- Para além do Acordo de Paris, de Trump e do negacionismo sobre a Mudança Climática
24-06-2017 Manila, Filipinas
O agostiniano recoleto filipino Fr. Tagoy Jakosalem leva a cabo uma iniciativa da Ordem em seu país, que já foi contemplada com vários prêmios e reconhecimentos, inclusive o da Fundação Al Gore, por seu trabalho em prol dos menos favorecidos, principais vítimas dos desastres ecológicos e da mudança climática. Ele assim o explica neste texto.
O Acordo de Paris vai muito além de si mesmo, da sede central das Nações Unidas em Nova York e mesmo da pessoa do próprio Trump e de suas declarações quase delitivas. Esse acordo, na verdade, está centrado em todas as áreas, nações e povos afetados pela crise climática.

O anúncio do presidente Trump de que tirará os Estados Unidos do Acordo de Paris é uma vergonha não só para o seu governo, mas também para o seu país. Enquanto todas as nações tentam dirigir-se unidas num esforço coletivo de sobrevivência ante o claro e já atual perigo da mudança climática, Trump, simplesmente, por sua própria agenda política e econômica, sob influência do Instituto de Iniciativas para a Competitividade, renega o Acordo de Paris.

Ele declarou que o Acordo de Paris “é extremamente injusto com os Estados Unidos”. Dos 195 signatários do Acordo, 148 já o ratificaram em seus respectivos Parlamentos, incluindo os mesmos Estados Unidos, que o fizeram aos 4 de novembro de 2016.

Apenas quatro dias depois, Trump, um dos negadores da mudança climática e do aquecimento global, foi eleito presidente. Uma de suas promessas eleitorais era a revitalização da indústria do carvão, uma das mais destruidoras do meio ambiente, enquanto demonizava e acusava de ser caro o Plano de Energias Limpas da administração anterior.

Nos Estados Unidos, deu-se um enorme movimento pendular desde o compromisso pessoal de Barack Obama com respeito à mudança climática até o discurso a favor do benefício econômico e da negação de referida mudança climática por parte de Trump. Isso afetou enormemente o compromisso do povo dos Estados Unidos, com muito esforço conseguido, no sentido de tomar iniciativas de cuidado do planeta.

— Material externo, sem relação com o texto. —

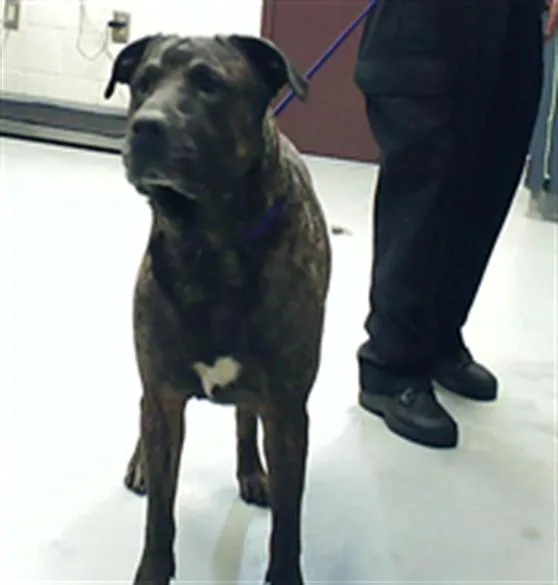 A young large-sized male Pit Bull Terrier dog named A for adoption in Fayetteville, NC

Na realidade, trata-se de uma batalha permanente, na qual o maior risco é corrido pelos ativistas de base pelo meio ambiente.

Durante os dias do COP21 em Paris, a eminente ativista canadense Naomi Klein disse: “Necessitamos de um plano para depois de Paris, um plano das pessoas”. Trata-se de uma estratégia de esforços de base para conseguir um futuro mais verde, porque é certo que não podemos deixar de lado o nosso futuro e confiar plenamente nas grandes corporações e instituições que fazem seus supostos compromissos. Esse plano “depois de Paris” depende do nosso compromisso e desejo pela justiça climática.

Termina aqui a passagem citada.